(Data items)

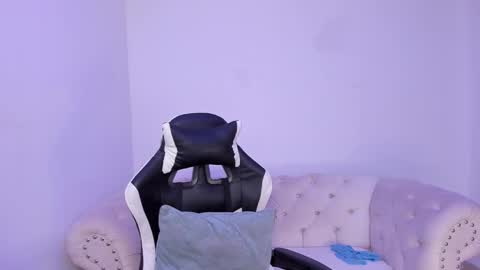 santiago_huntt online show from November 2025 12:59:03 PM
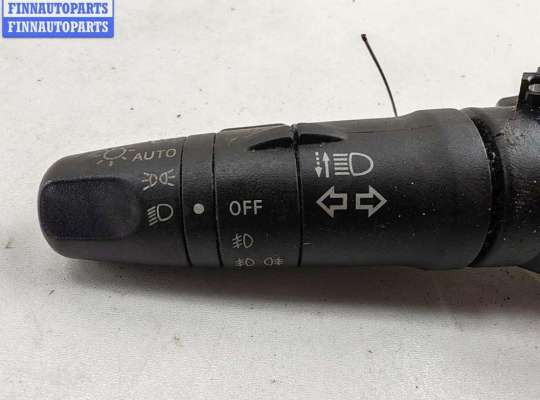 купить Переключатель поворотов на Nissan Tiida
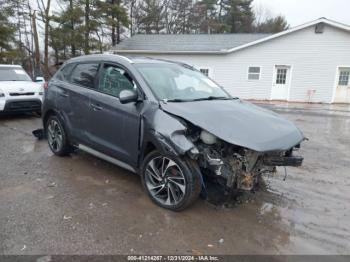  Salvage Hyundai TUCSON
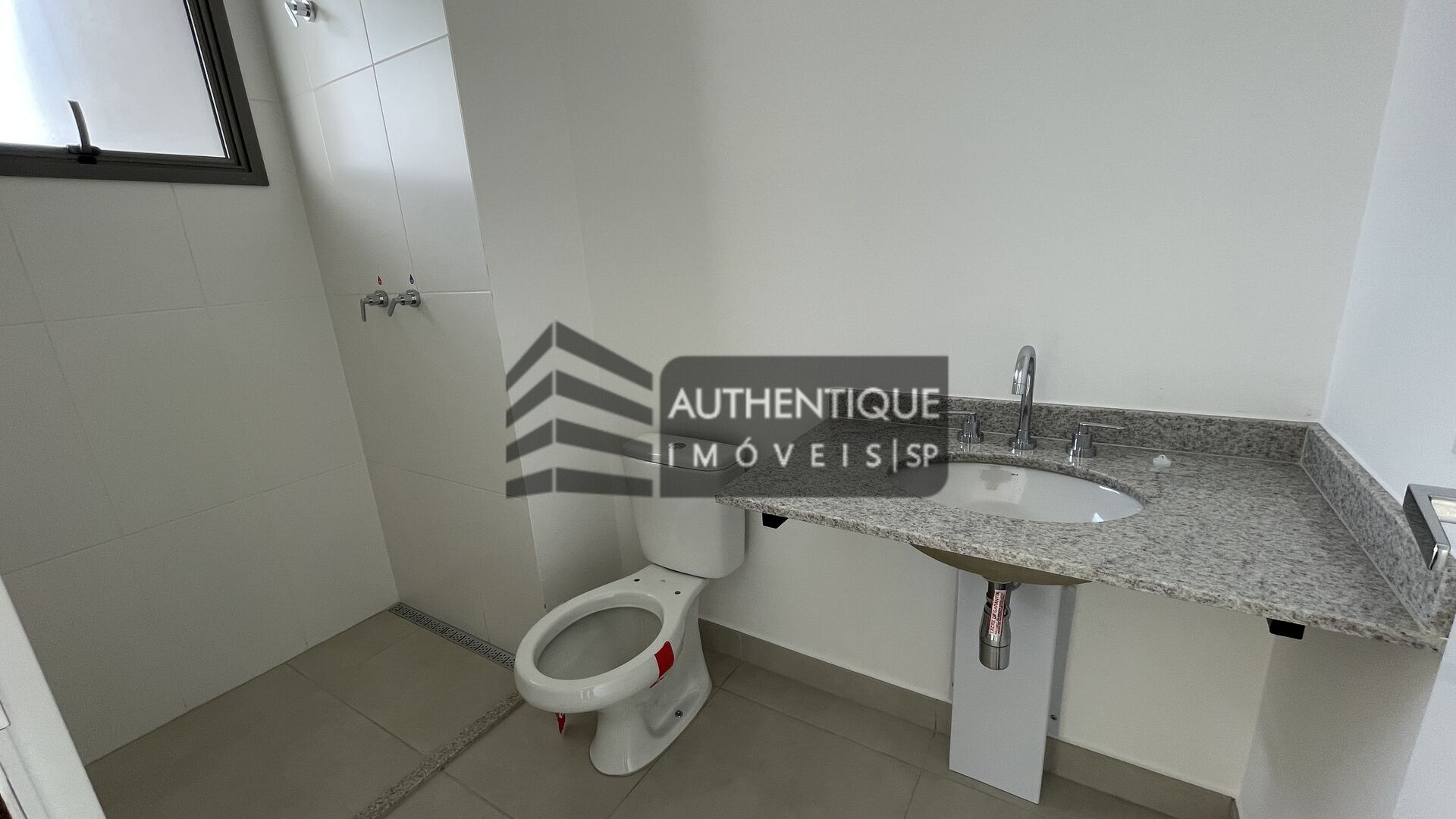 Apartamento à venda com 3 quartos, 168m² - Foto 19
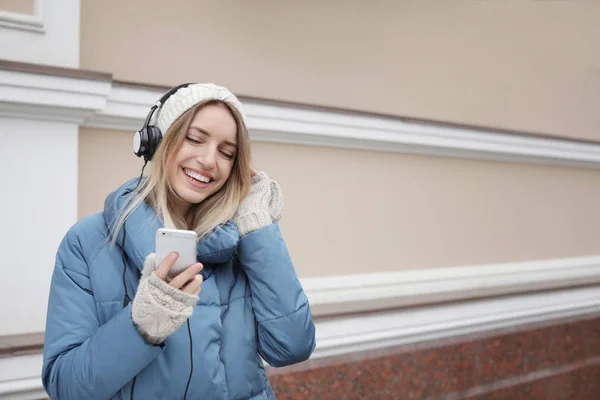 Mujer Joven Con Auriculares Escuchando Música Cerca Pared Luz Espacio — Foto de Stock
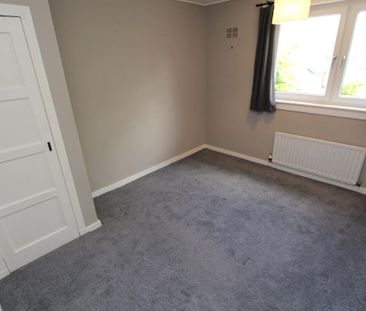 2 bedroom semi-detached house to rent - Photo 4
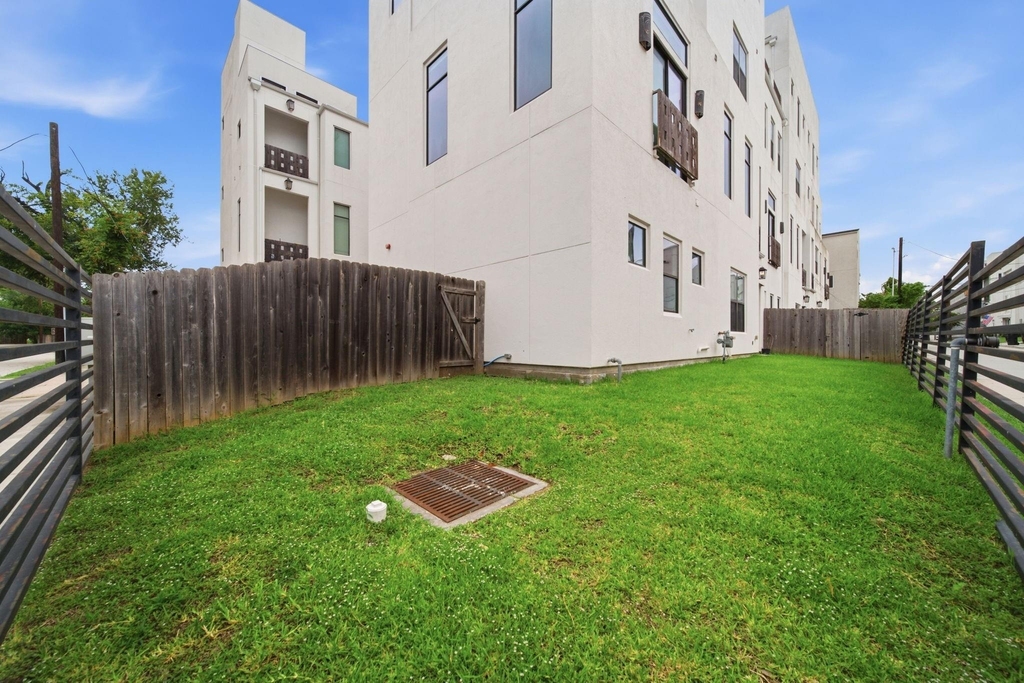 327 E 2nd Street - Photo 9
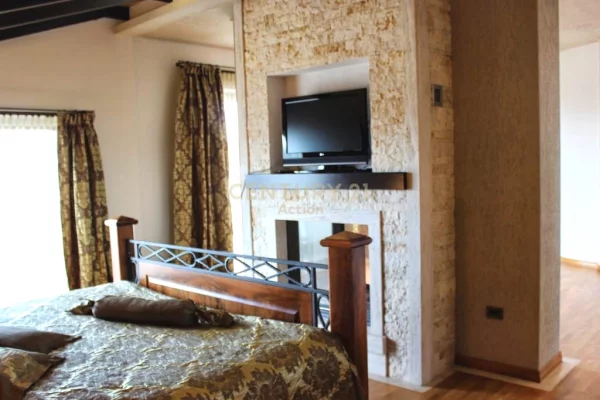 Shtepi ne shitje Apartament ne Tirane, 4+1, Mobilimi E mobiluar, Pagesa 800,000  Euro.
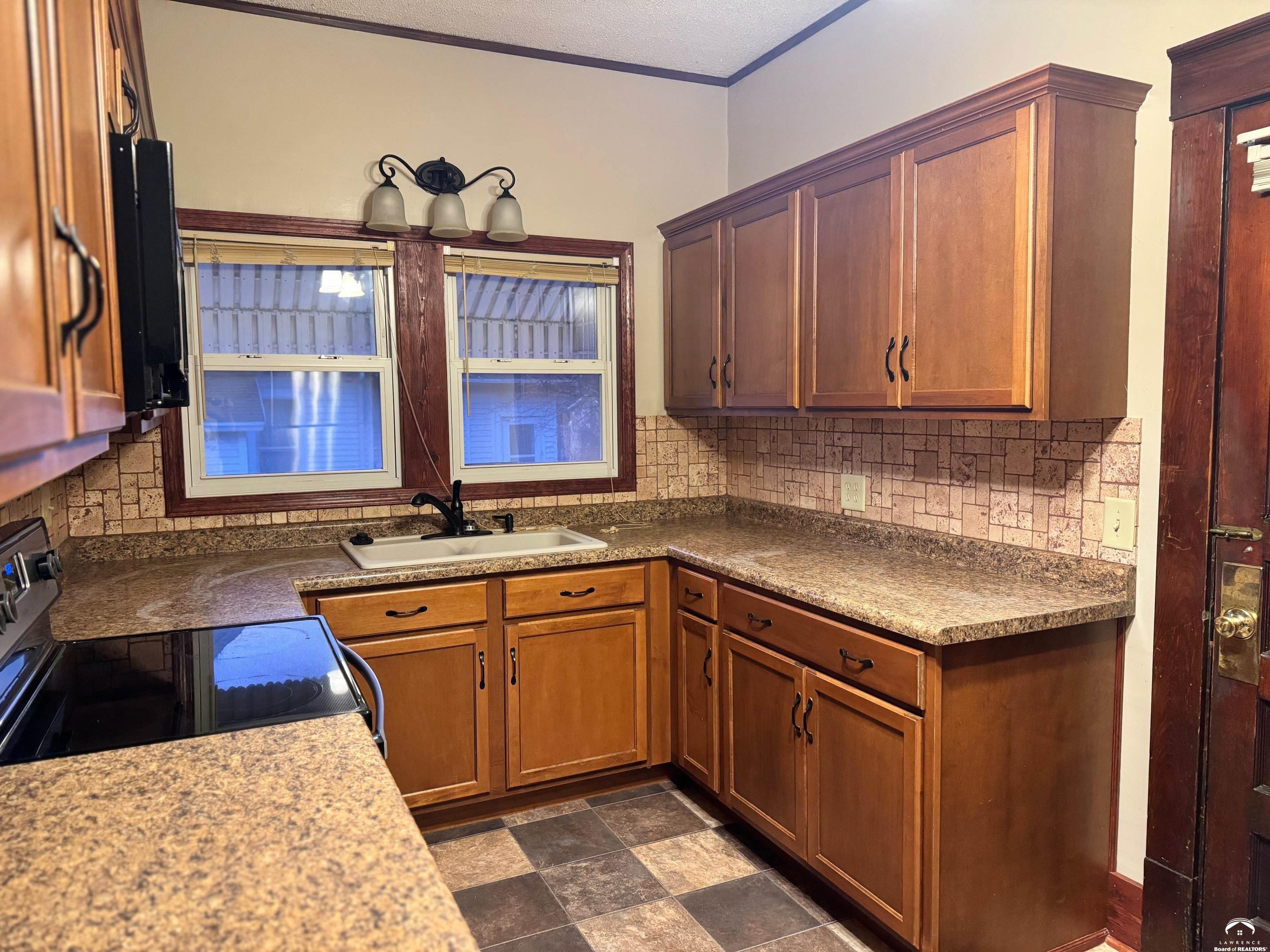 206 East Main Street Highland, KS 66035 - Photo 7 of 13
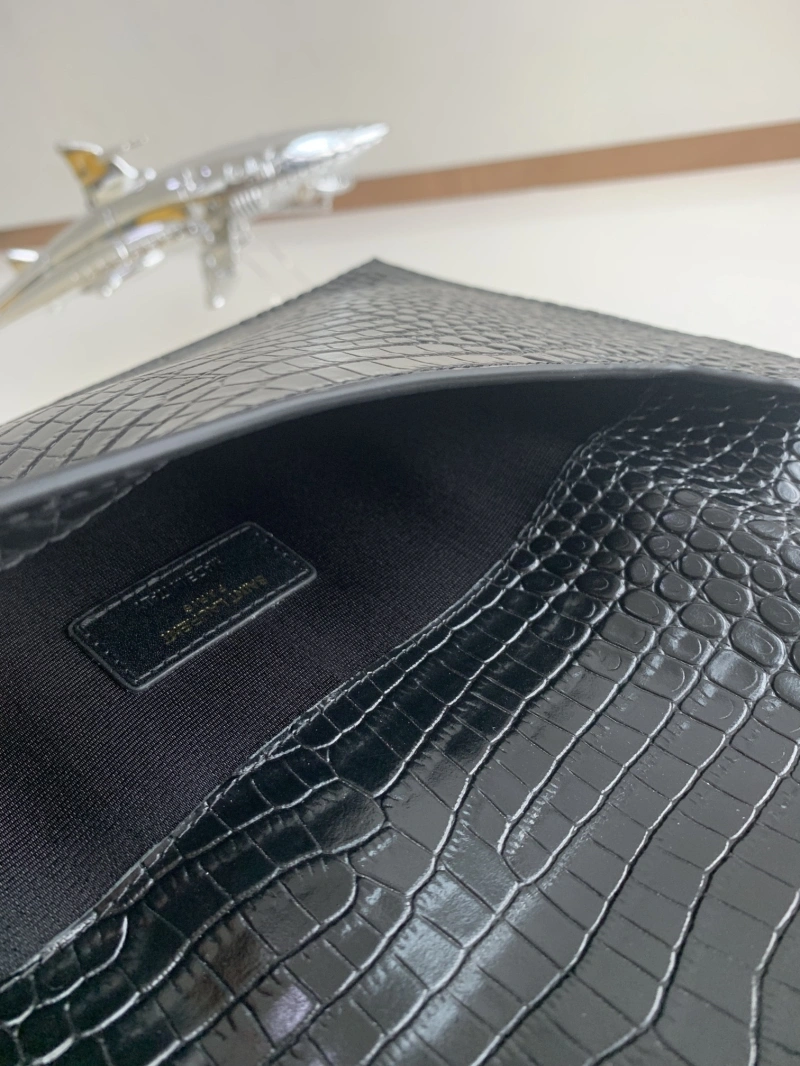 Minimalist YSL Clutch Bags 78236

# Exercise objective
Take the records above from their first line through the line with "206 East Main" and set those lines down word for word, minus the pictures.

# Exercise response
 santiago_huntt online show from November 2025 12:59:03 PM
 купить Переключатель поворотов на Nissan Tiida
  Salvage Hyundai TUCSON
 Apartamento à venda com 3 quartos, 168m² - Foto 19
 Mujer Joven Con Auriculares Escuchando Música Cerca Pared Luz Espacio — Foto de Stock
 2 bedroom semi-detached house to rent - Photo 4
 327 E 2nd Street - Photo 9
 Shtepi ne shitje Apartament ne Tirane, 4+1, Mobilimi E mobiluar, Pagesa 800,000  Euro.
 206 East Main Street Highland, KS 66035 - Photo 7 of 13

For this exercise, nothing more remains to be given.